Translating to dollars: at $20 per hen, monthly losses range from $20–$60 with no defense, $0–$5 with proper overhead defense. Over a year that is $240–$720 saved by installing the netting once.
Solid Run Roof: The Complete Defense
A solid run roof — polycarbonate panels, metal roofing, or heavy-duty tarp on a frame — is the only defense that approaches 100% effectiveness. Hawks cannot strike through solid material; the entire vertical attack vector closes.
Material options:
- Polycarbonate corrugated panels: $50–$100 for a typical run. Lets light through (run plants grow), shed rain.

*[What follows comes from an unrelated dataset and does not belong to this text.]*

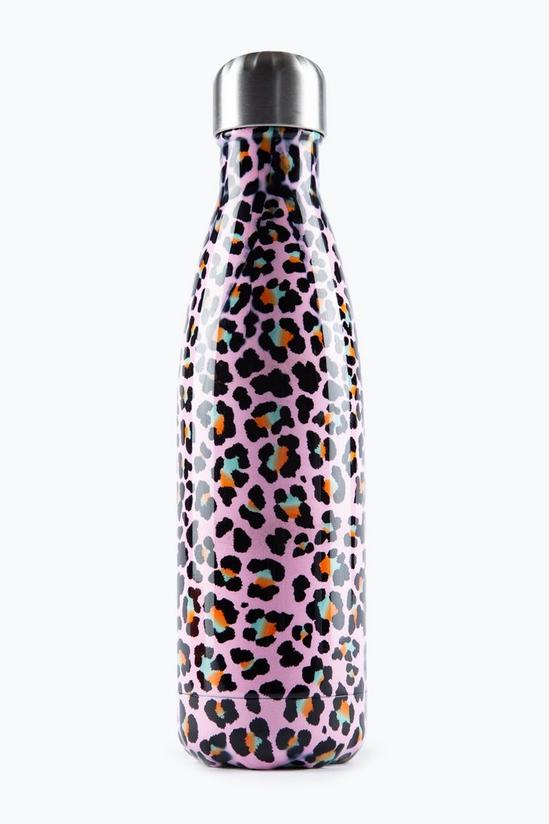 Hype Disco Leopard Metal Water Bottle 2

Lifespan 10+ years.
- Galvanized metal roofing: $80–$150 per run. Lasts 25+ years. Loud in rain. Best for regions with snow load.

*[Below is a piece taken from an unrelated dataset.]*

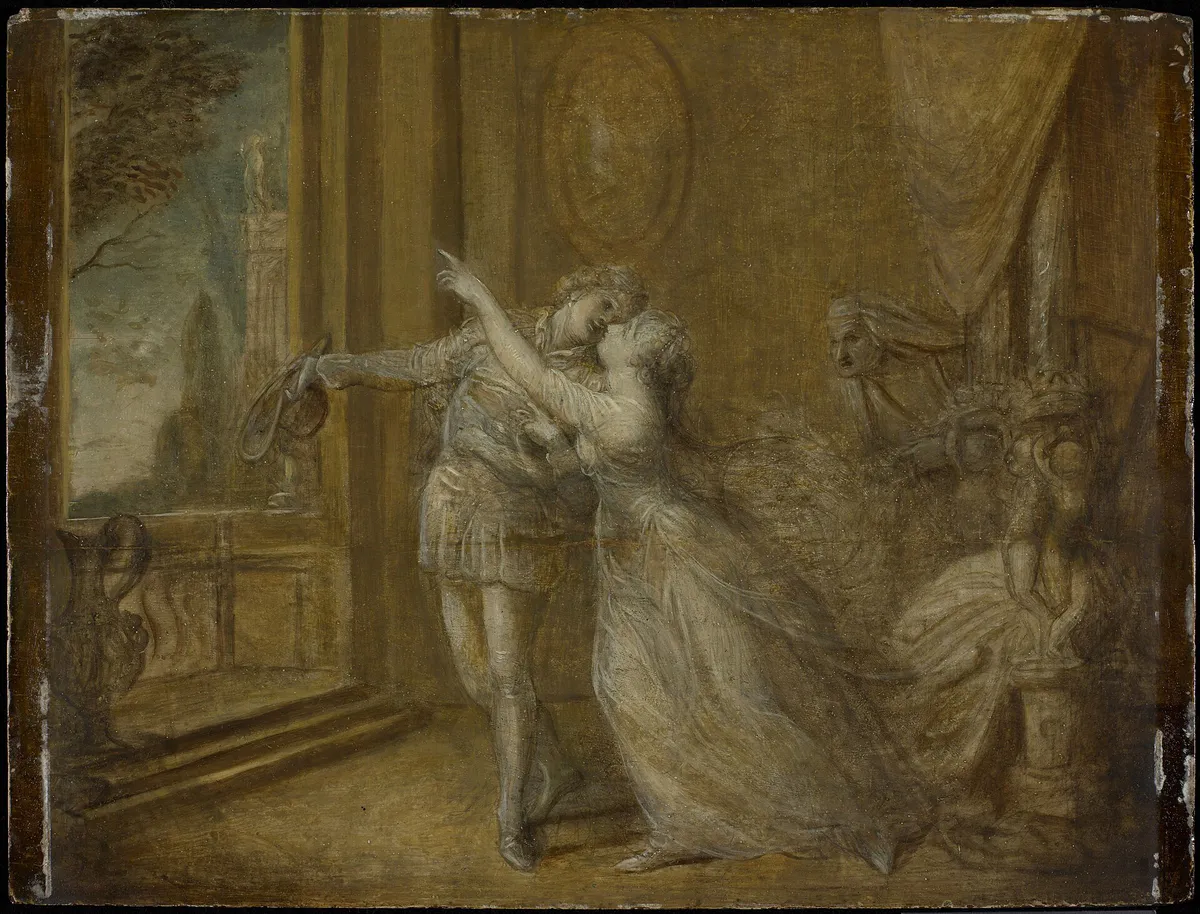 Richard Cosway - Hero and Leander - 94.1073 - Museum of Fine Arts, Texas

- Heavy-duty tarp: $30–$60 per run. Cheapest option. Replace every 3–5 years from UV degradation.
- Wood + shingle roof: built-in like a porch roof. Most expensive but best aesthetic match for premium coops.
Run roofs also solve adjacent problems: rain shelter for the flock, summer shade reducing run temperatures by 10–15°F, and snow weight on netting (which collapses uncovered netting in any region with regular snow).

Aerial Netting: The Cost-Effective Defense
If a solid roof is not feasible (rented property, very large run, aesthetic preference), 1" agricultural netting is the next-best option. It blocks hawks at 95%+ effectiveness, lets rain through, and costs $0.10–$0.20 per square foot of run area.
Specifications that matter:
- Mesh size: 1" or smaller. 2" mesh lets sharp-shinned hawks through. 1.5" is debatable.
- Twine weight: at least 36-lb test. Lighter twine breaks under snow, fallen branches, or determined raccoons (climbing).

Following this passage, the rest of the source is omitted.